Two events recently have given me some hope:

(I) John Lennon's 'lmagine' was voted as having the best song lyrics of all time, This appears to confirm to me that despite the 24-hours a day propaganda of capitalism, people still aspire to a better world and instinctively recognise that true socialism would provide it.

(2) The decision by Callnet to introduce a free internet access service in Europe—no telephone charges. no monthly fee. Providing near-universal access to the internet—at least in Europe—provides a great opportunity for ordinary people to communicate and organise across national boundaries. An essential requirement for the growth of world socialism.

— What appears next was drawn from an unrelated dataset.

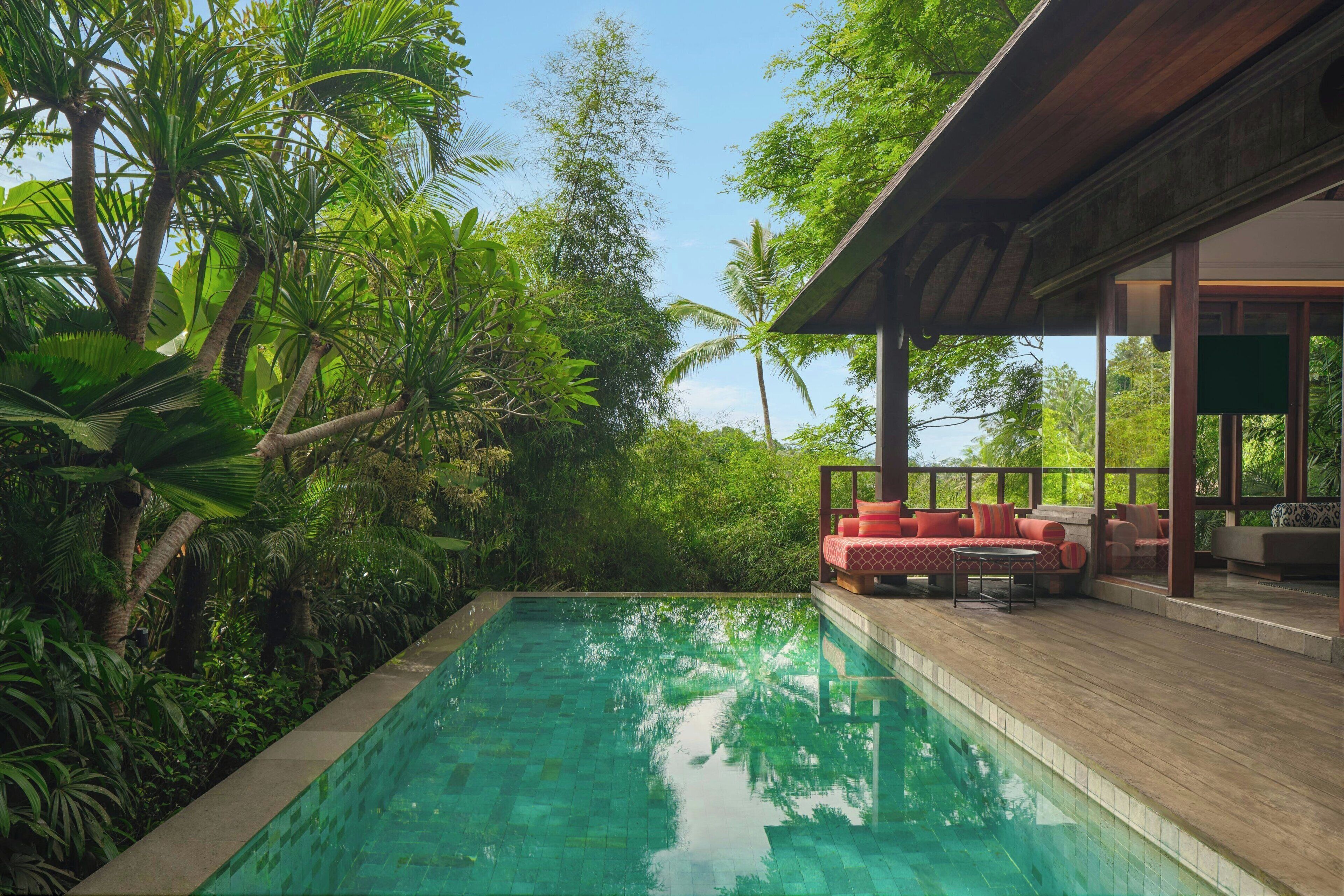 A pool surrounded by lush greenery, with a wooden deck and outdoor seating area.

Two events recently have caused me to despair:

(I) Tony Blair's decision to back away once again from banning hunting. This is clearly against the wishes of the majority of the people, but more importantly it underlines once again just how remote the existing government is from the aspirations of the people who elected it. Of course we all knew that a Labour government would disappoint us but can even you—the editors of Socialist Standard—have truly anticipated just how right-wing the current government would turn out to be, following joyously in the footsteps of Thatcherism.

(2) Emphasising the above, Gordon Brown's decision to create tax breaks of up to £100,000 each for the top ten directors in any company as part of the Enterprise Management Scheme. This is so grossly elitist that it leaves me speechless.